Interest rate markets were surprisingly dull last week. US Federal Reserve chairman Yellen spoke at…
Domestic markets are pricing in almost no chance of a cut to the cash rate tomorrow as the RBA have re-entered the “wait and see” game with the US. With August’s rate cut having almost no impact on the Australian dollar (and rather fuelling property prices), the RBA are now much more cautious of deploying conventional monetary policy and it is difficult to predict what action will be taken this week.
US Federal Reserve chairman Yellen spoke at Jackson Hole and the reaction was reasonably muted. Comments from other members varied but the message was that timing of the next move is not that important and the key reason why rates haven’t been lifted to date is low inflation and weak employment. This was followed by weaker than expected US jobs data last Friday and as a result, a September rate hike by the Federal Reserve is likely to be ruled out. US markets are still pricing in a ~50% probability of a rate hike by year end but given the resilient Australian dollar, the RBA may be forced to act sooner than they would like.

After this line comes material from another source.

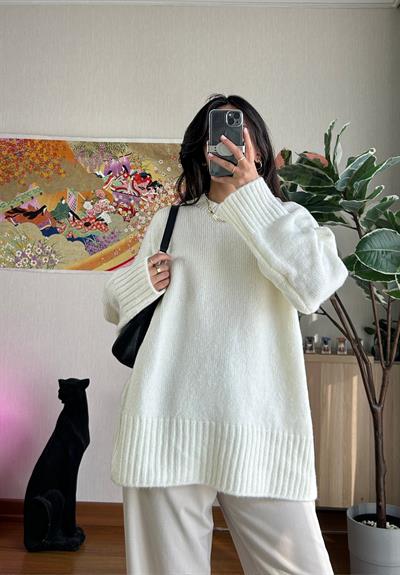 Airi Oversize Vintage Kazak Beyaz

The domestic yield curve is flat and overall yields across the curve are low compared to long term averages. In November 2015 there was a progressive increase in yield from ~2.60% to a high of 2.99%. But since then the flight to quality meant the 10-year yield gave back the changes in Q4 2015 and more recently the Australian Government 10-Year Bond Yield has continued to drop to record lows (new low of 1.819% as at 2 August 2016). The 3-year bond has followed a similar pattern and broke out of its yield range (1.90 – 2.10%) in November / December 2015 reaching a high of 2.18%. It has since collapsed to reach a low of 1.373% on the 2 August 2016. On the 26th of August 2016 the ASX 30 Day Interbank Cash Rate Futures September 2016 contract was trading at 98.51 indicating a 5% expectation of an interest rate decrease to 1.25% at the next RBA Board (no change from last week).